Shilling feels the pressure as trade deficit rises 59pc

CARGO

Cargo containers await clearance at the Mombasa port. Trade deficit has increased on high import bill. PHOTO | FILE

The gap between Kenya’s imports and exports widened a massive 59 per cent or Sh37.7 billion in the first quarter of the year, explaining the significant depreciation of the shilling.

The Kenya National Bureau of Statistics (KNBS) reported the gap, also known as the current account deficit, stood at Sh101.5 billion, up from Sh63.7 billion recorded in the same quarter last year. Much of the exports pertain to the standard gauge railway construction.

In the meantime, Central Bank of Kenya data shows the shilling has depreciated by 8.9 per cent since the beginning of the year, underlining the extent to which the current account deficit is weighing down on the domestic currency.

“The deterioration in the current account balance was mainly occasioned by the increase in the import bill and the decline in the value of total exports in the same period. As a consequence, the current account balance recorded a deficit of Sh101.5 billion in the first quarter of 2015 compared to a deficit of Sh63.8 billion in the first quarter of 2014,” said the KNBS.

Simultaneously, the Kenya shilling has weakened to 99.88 units as of last Friday’s opening of the forex market compared to a 90.65 units at the beginning of the year. To obtain a dollar, forex buyers have to pay Sh9 more than they did at the start of the year.

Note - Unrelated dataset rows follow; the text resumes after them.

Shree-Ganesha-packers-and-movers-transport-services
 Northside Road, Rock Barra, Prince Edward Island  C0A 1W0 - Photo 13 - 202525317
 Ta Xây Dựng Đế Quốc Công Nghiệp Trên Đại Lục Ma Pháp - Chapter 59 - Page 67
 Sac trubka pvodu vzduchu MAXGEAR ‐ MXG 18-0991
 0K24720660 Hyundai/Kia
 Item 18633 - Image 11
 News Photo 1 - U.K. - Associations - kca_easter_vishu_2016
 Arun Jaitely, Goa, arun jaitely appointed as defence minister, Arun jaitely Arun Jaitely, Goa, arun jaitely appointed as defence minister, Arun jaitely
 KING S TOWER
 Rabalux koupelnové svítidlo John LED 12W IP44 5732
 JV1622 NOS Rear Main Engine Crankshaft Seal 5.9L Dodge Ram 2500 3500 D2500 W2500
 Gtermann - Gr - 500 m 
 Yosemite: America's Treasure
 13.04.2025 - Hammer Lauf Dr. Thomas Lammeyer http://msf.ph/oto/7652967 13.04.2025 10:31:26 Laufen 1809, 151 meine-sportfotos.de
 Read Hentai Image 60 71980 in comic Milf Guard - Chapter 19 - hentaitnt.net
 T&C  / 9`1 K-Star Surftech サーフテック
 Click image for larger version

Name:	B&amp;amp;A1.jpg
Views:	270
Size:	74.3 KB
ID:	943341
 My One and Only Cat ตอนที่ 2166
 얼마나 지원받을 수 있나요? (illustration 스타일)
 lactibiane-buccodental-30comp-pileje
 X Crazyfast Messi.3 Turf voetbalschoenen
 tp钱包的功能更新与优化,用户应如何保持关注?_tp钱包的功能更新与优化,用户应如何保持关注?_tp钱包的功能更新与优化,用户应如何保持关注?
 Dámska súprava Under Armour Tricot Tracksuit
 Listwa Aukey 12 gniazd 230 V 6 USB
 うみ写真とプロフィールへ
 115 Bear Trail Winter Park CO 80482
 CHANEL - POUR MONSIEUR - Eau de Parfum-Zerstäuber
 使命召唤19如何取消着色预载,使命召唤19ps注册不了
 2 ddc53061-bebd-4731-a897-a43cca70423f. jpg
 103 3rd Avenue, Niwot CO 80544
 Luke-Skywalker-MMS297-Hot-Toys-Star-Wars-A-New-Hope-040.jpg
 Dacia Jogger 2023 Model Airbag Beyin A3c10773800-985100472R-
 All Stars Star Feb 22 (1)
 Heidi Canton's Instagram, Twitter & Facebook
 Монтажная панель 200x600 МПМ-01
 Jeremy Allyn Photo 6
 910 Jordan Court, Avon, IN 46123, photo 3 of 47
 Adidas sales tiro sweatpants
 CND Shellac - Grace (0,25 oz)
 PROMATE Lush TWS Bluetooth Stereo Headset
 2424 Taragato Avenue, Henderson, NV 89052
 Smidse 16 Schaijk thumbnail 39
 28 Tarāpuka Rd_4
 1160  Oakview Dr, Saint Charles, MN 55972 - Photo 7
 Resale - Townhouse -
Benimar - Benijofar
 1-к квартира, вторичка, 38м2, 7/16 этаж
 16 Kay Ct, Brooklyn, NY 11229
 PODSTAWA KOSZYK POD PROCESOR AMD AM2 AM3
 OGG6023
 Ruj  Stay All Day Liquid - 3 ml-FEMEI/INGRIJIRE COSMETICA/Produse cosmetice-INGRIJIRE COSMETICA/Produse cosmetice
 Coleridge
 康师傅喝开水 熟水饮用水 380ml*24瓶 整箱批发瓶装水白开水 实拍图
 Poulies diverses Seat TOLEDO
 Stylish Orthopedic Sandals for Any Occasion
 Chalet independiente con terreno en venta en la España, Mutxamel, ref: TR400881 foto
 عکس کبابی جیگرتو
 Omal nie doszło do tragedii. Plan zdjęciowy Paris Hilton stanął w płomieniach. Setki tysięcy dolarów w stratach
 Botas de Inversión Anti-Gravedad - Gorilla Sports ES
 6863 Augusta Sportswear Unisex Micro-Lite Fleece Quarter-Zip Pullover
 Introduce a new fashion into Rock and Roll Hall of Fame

Citigroup Global Markets, the investment banking of the Citibank, said in its latest commentary on the foreign exchange markets that the shilling would remain under siege in the third quarter of this year, owing largely to the large current account deficit.

“Kenya’s wide current account deficit has been weighing on the local currency and appears set to continue to do so in 3Q 2015,” said Citi.

Citi said the increase in government spending by nearly 25 per cent this fiscal year compared to last year would likely result in increased imports, thereby keeping the deficit high and the shilling weak.

“Rising government expenditure will probably keep imports elevated, the trade deficit wide and the shilling on the back foot,” said Citi.

The value of the local currency is expected to rank high in the agenda of the members of the Central Bank of Kenya’s Monetary Policy Committee when they meet Tuesday to determine the policy rate.

READ: Treasury bets on foreign investors to bridge balance of trade gap

Razia Khan, the chief economist for Africa at StanChart Plc, said last Friday Kenya could push interest rates up if it becomes necessary rather than tap the Sh68 billion financing facility by the International Monetary Fund.

“A precautionary $688.3 million IMF financing facility is unlikely to be tapped, except in the event of an external shock. Instead, we expect the central bank rate to be raised further, if it should become necessary to safeguard the Kenya shilling exchange rate,” said Ms Khan.

Citi investment bankers said Kenya’s foreign exchange rate situation would also be affected by the depreciation of the Ugandan shilling, which has also weakened significantly since the start of the year.

Due to the high value of trade between Kenya and Uganda, the currencies move in the same direction in relation to the dollar, the Citi analysts said.

“Recent Uganda shilling weakness and a bleak outlook for this currency in the second half of 2015 might point to limited scope for Kenya shilling appreciation as the dollar-Uganda shilling and dollar-Kenyan shilling exchange rates tend to be highly correlated,” said Citi analysts.